Les Diablogues et autres inventions à deux voix
de Roland Dubillard

critiqué par Fanou03, le 23 septembre 2016
(* - 48 ans)


La note:  étoiles
Brèves de comptoir
Dans ces savoureux Diablogues et autres inventions à deux voix, Rolland Dubillard nous propose une cinquantaine de saynètes animés exclusivement (sauf rare exception) par deux protagonistes anonymes, qu'on ne connaît que sous l'identité de "un" et de "deux". Les Diablogues, dont les introductions relèvent en général de situations plutôt banales (une partie de ping-pong, une leçon de piano, la décoration d’un arbre de Noël,...), sont irrigués par un extraordinaire humour absurde qui vient exploser le cadre du langage et de l’espace-temps.

En effet, à partir d'apparentes discussions qui pourrait s'apparenter à de simples brèves de comptoir, Roland Dubillard construit de merveilleuses variations autour de la distorsion littéraire de la réalité. L’étrangeté que prend la tournure des évènements auxquels sont soumis un et deux, la drôlerie des réparties par lesquelles se répondent au tac-au-tac les deux protagonistes, dans un débat parfois complètement déjanté défie la logique ordinaire. Bien sûr certains sketchs sont plus réussis que d’autres, et quelques uns d'entre-eux apparaissent un peu datés par le vocabulaire employé, mais la plupart sont vraiment un régal pour l'amateur de non-sens.

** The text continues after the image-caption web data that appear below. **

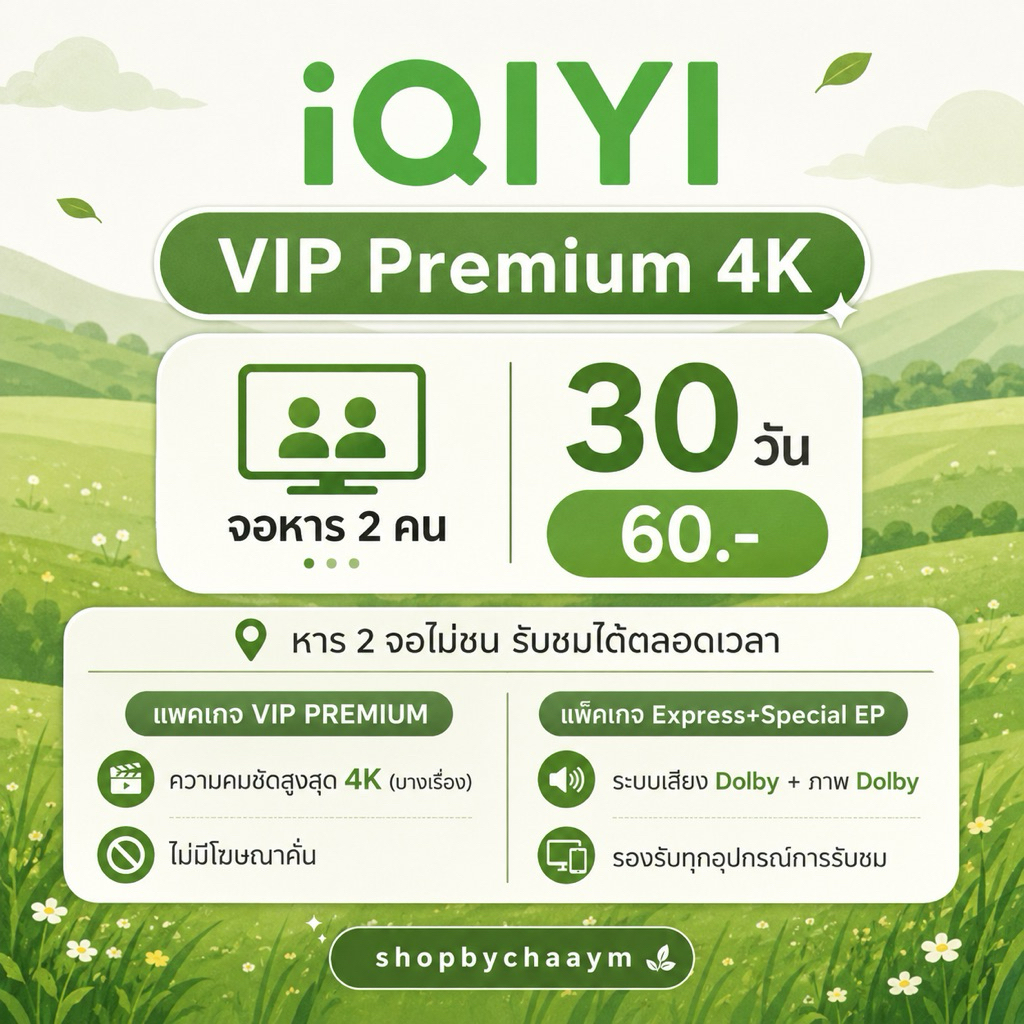 shopbychaaym💚 ซีรี่ย์ไทยจีนจัดเต็ม💚✅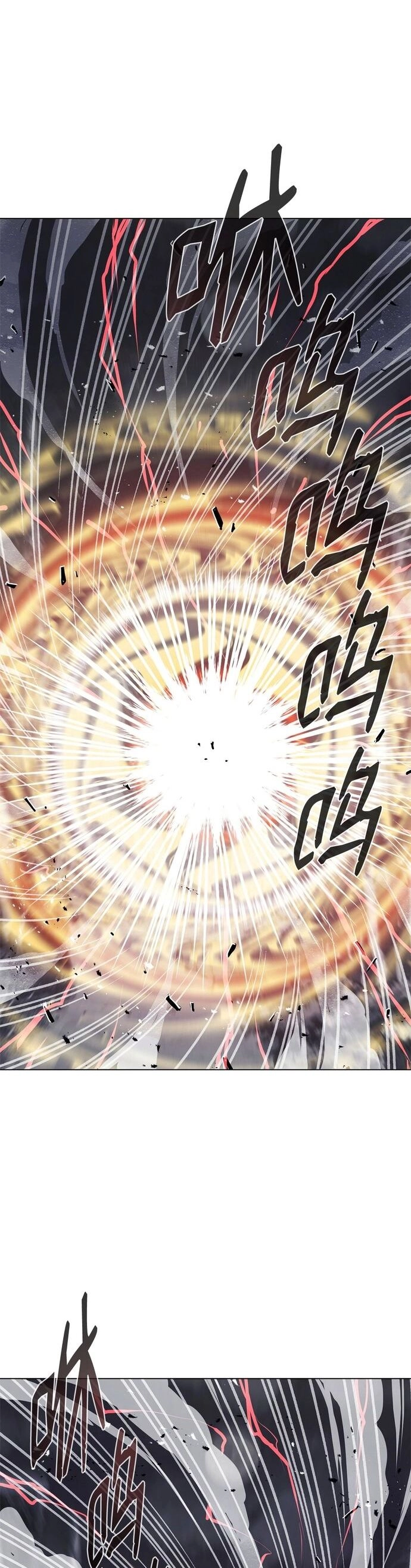 Sát Thủ Cuồng Loạn Chapter 2 - 43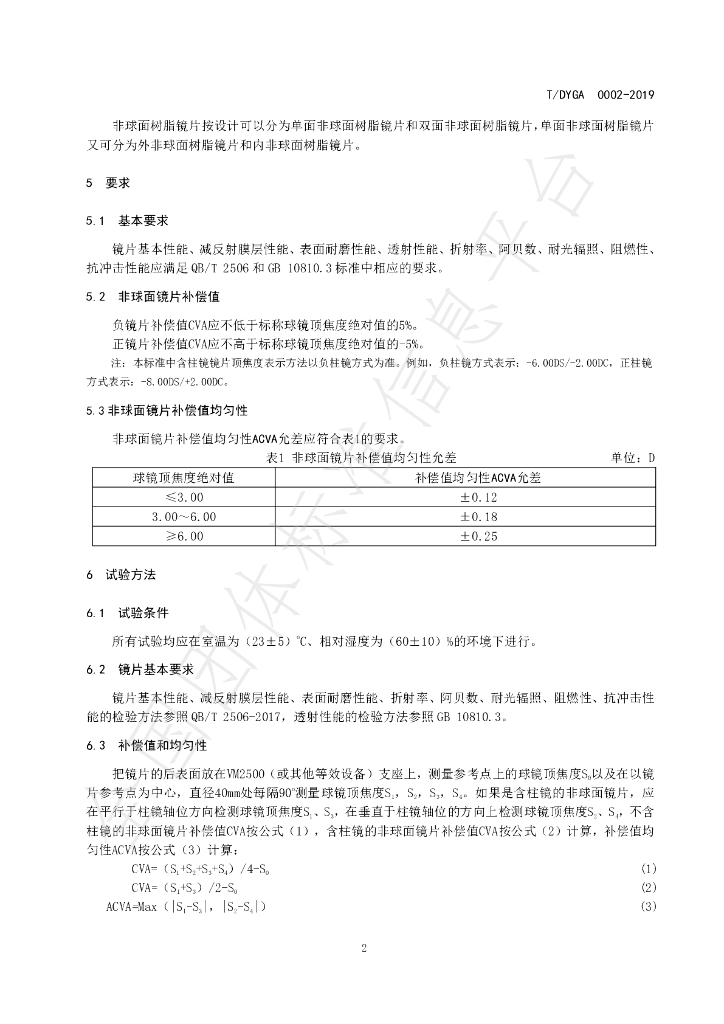 T/DYGA 0002-2019 标准预览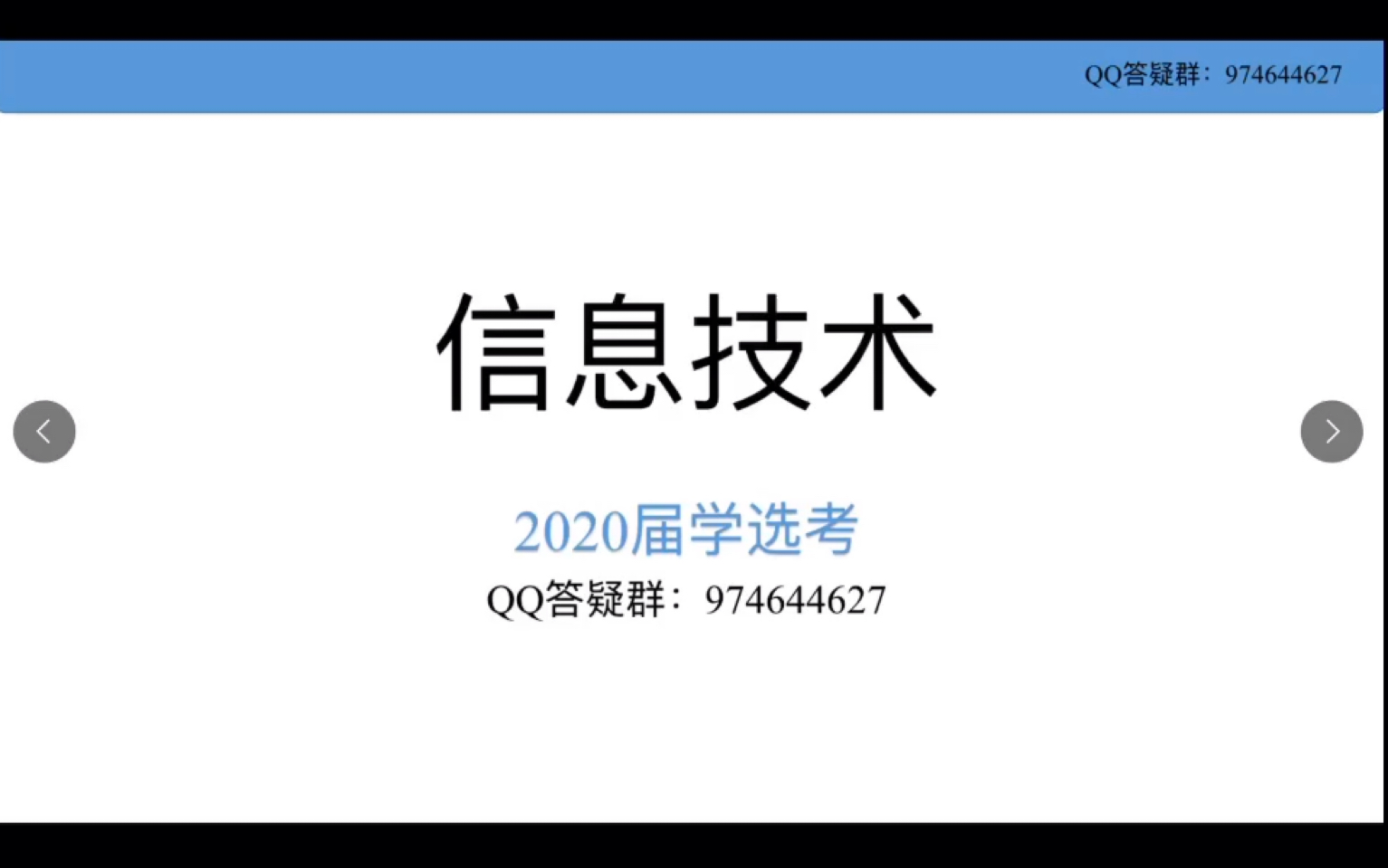 1.高中信息技术学选考信息及信息技术哔哩哔哩bilibili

Roland Dubillard explore en particulier la dimension spatiale et temporelle (voir le magnifique et émouvant "La poche et la main"), le rapport au corps, interroge nos façons diverses d’appréhender le monde à travers des quiproquos et des paradoxes. La culture (théâtre et musique en particulier) est une thématique qui tient également une place importante dans les Diablogues (comme dans "Tragédie classique", "Le Concert" )., où l'auteur taquine (très gentiment) un certain establishment.

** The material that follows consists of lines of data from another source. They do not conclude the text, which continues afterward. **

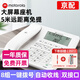 摩托羅拉（Motorola）電話(huà)機鋼琴烤漆電話(huà)機大屏5米免提有繩座機固定電話(huà)機辦公家用 CT360-白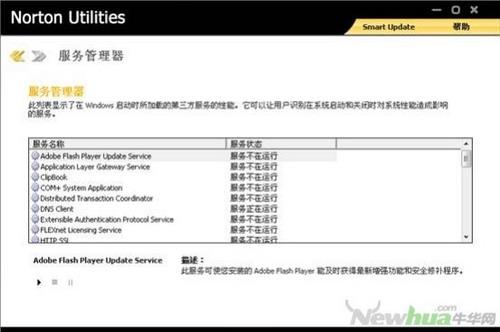图35：Norton Utilities试用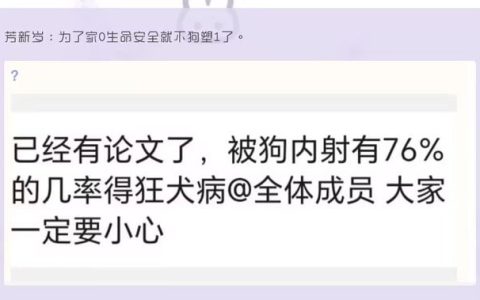 东南亚安全警示：谨防诈骗活动加剧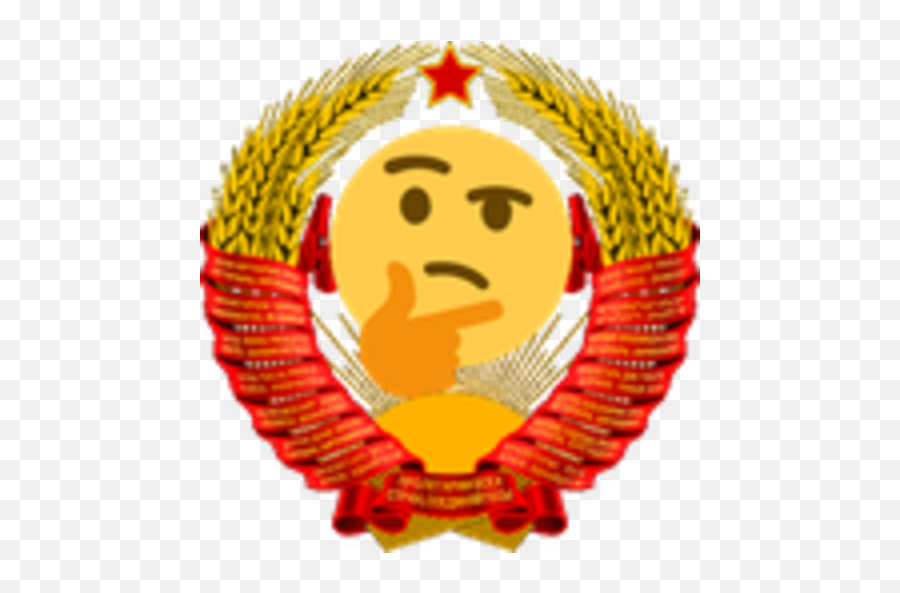 Uusrthonk - Soviet Union Coat Of Arms Emoji,Soviet Emoji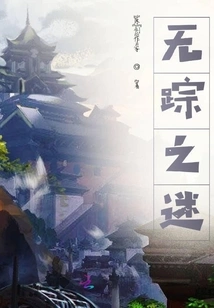 The Mystery of the Traceless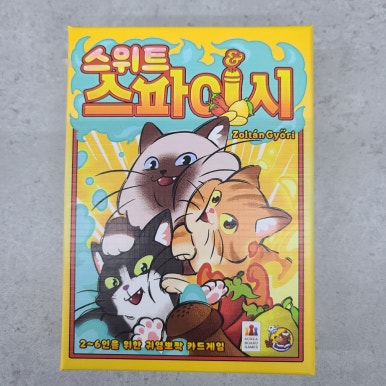 카페24시 이미지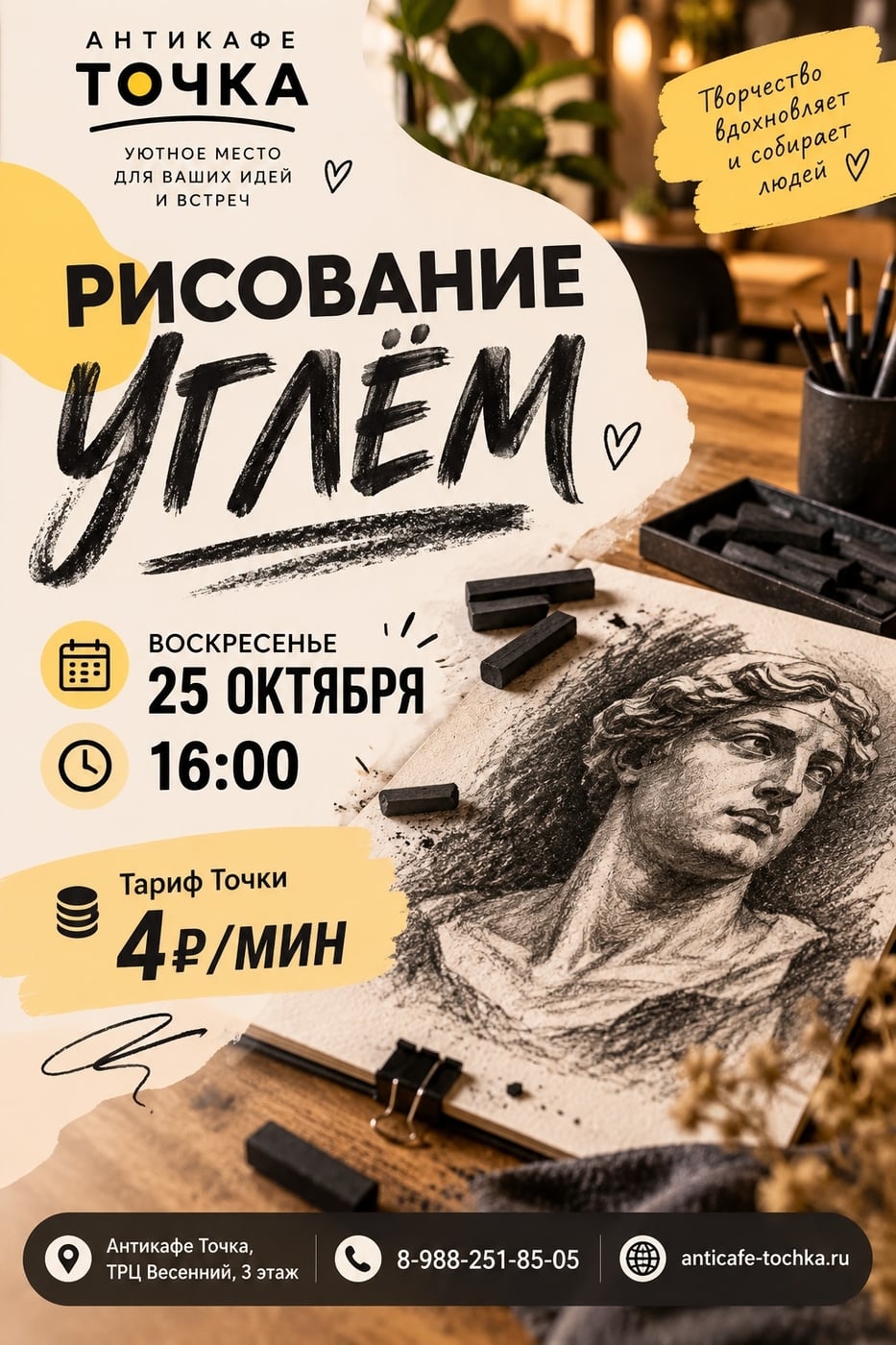 25 октября, 16:00. Рисование углём: и новички, и профи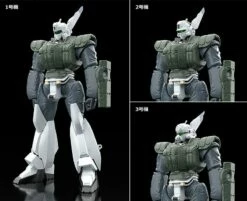 Patlabor Moderoid AV-98 Ingram (Reactive Armor) Model Kit -Bandai Sales Store 68ddfba2 1e14 438b adb6 10b7f25d695d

Le ton est plutôt léger et joyeux, voire poétique (voir Dialogue sur le palier, avec la recherche du Gobedouille, un mystérieux oiseau amateur d’électricité qui n’existe pas), parfois mâtinée d’humour noir (surtout sur la fin des inventions à deux voix). La proximité des Diablogues avec les textes de Devos est assez évidente : même non-sens, même plaisir de jouer avec les mots.

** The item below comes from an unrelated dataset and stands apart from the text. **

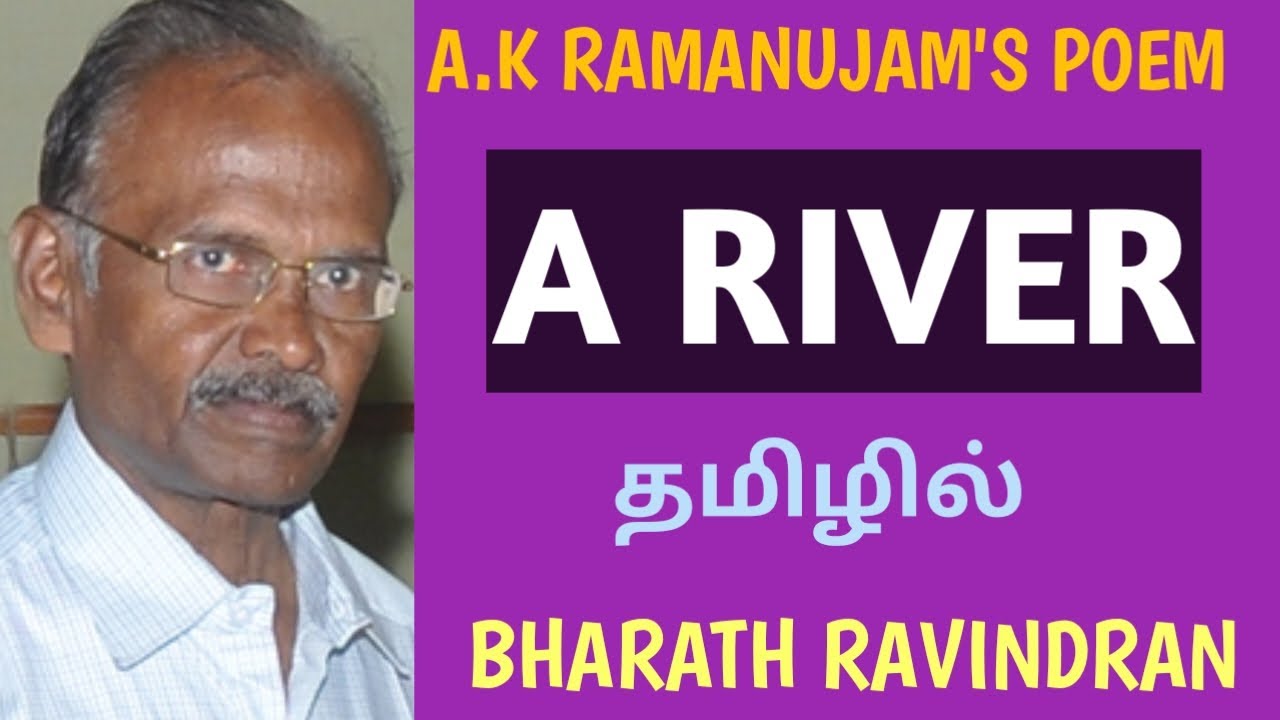 A River by A.K Ramanujan / in Tamil / Bharath Ravindran / Bharath Academy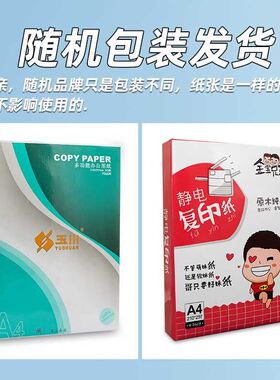 厂A3A4A5传真打印纸双面静电复印n纸70g80ga4复印R纸80克500页u.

Ce qui est intéressant aussi dans les Diablogues , c'est qu'à l'instar d'un numéro de clown dont l’intérêt premier est évidemment son effet comique et divertissant, il possède aussi sa face sombre. Les discussions méandreuses de un et de deux, qui ne sont jamais d'accord sur leur interprétation des choses, semblent en effet montrer l'impossibilité définitive de saisir tout à fait le réel du monde qui nous entoure.